Betting on the 100m sprint is much the same as betting on any other sporting event. It is all about research. While you can never be sure of winning a bet, the more research you are able to do, the better your chances of success.

This means, that to start with you need to look at all of the competitors. You should look at how they have performed over the season and in previous years. You can also look at their progression, try to assess if their form has been improving and if they look set to peak at the Olympics. Sprinters are able to compete for many years, so while you should not put too much faith in historical results, it can’t hurt to look back at the last few years and compare them to the current season.

Beyond the athletes’ results for the previous season, you also need to see if you can find any information about injuries. Even an injury picked up at the start of a season can have an effect many months later. It can be hard to come by this information, but beyond looking in the press, you can also check the athletes’ social media profiles.

In fact, social media is often a mine of information. Beyond injuries, it can often provide you with insights into how training is going, the athletes’ state of mind, and so on. Of course, it is possible to read too much into social media posts, but if you are serious about your research, then it is well worth having a look.

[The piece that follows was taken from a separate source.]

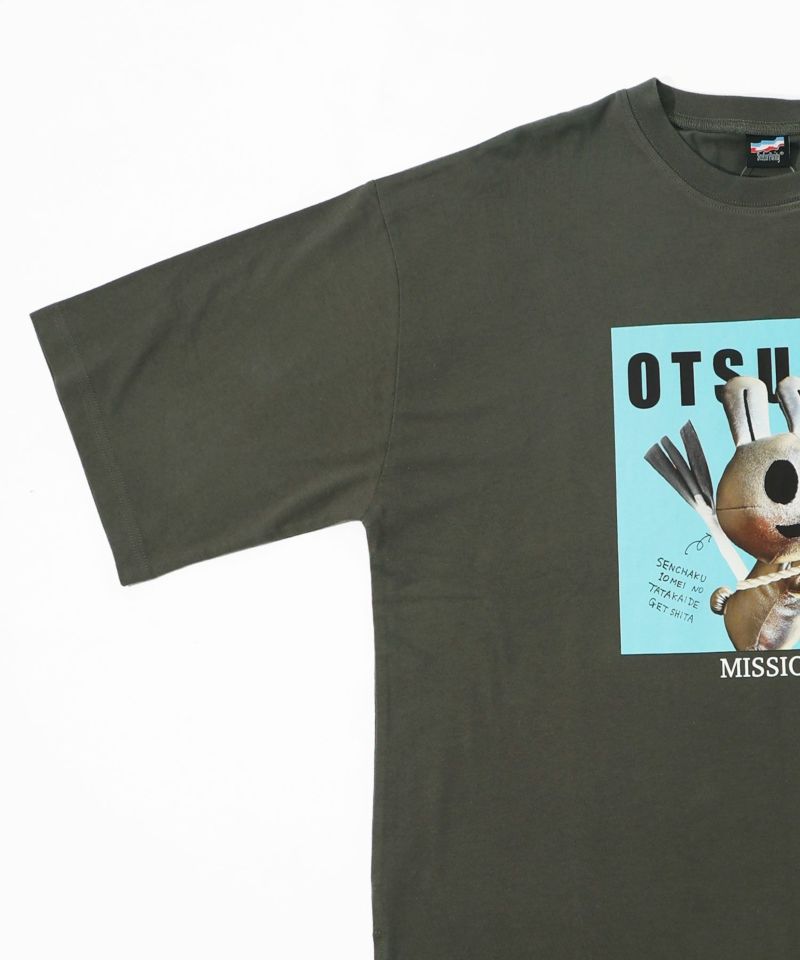 ウサギとクマのOTSUKAIプリントTシャツ-23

Something that is in nobody’s control is the weather, but it can have a big impact. If possible, when you research a runner see if you can find out what the weather conditions were like for each of their races and make a note of them. You may be able to spot a pattern or it may be evident that some runners perform particularly badly in certain conditions. Then, when it comes to the race in Tokyo, you can take a look at the weather forecast and it may give you some interesting ideas for bets to place.

If you think that there will be an upset, then it may be worth placing your bets further in advance, as the odds are likely to shorten as the race approaches. If, after watching the first heat or two, you think that you have made a mistake, you could always back a second runner to try to hedge your bets. There is no guarantee that this strategy will work, but it is certainly worth considering.

Ultimately, the key to placing a successful bet on the men’s 100m race will be to do as much research as possible. Nothing will ever guarantee a win, but with research, you can certainly improve your chances and give yourself the best possible shot of picking a winner.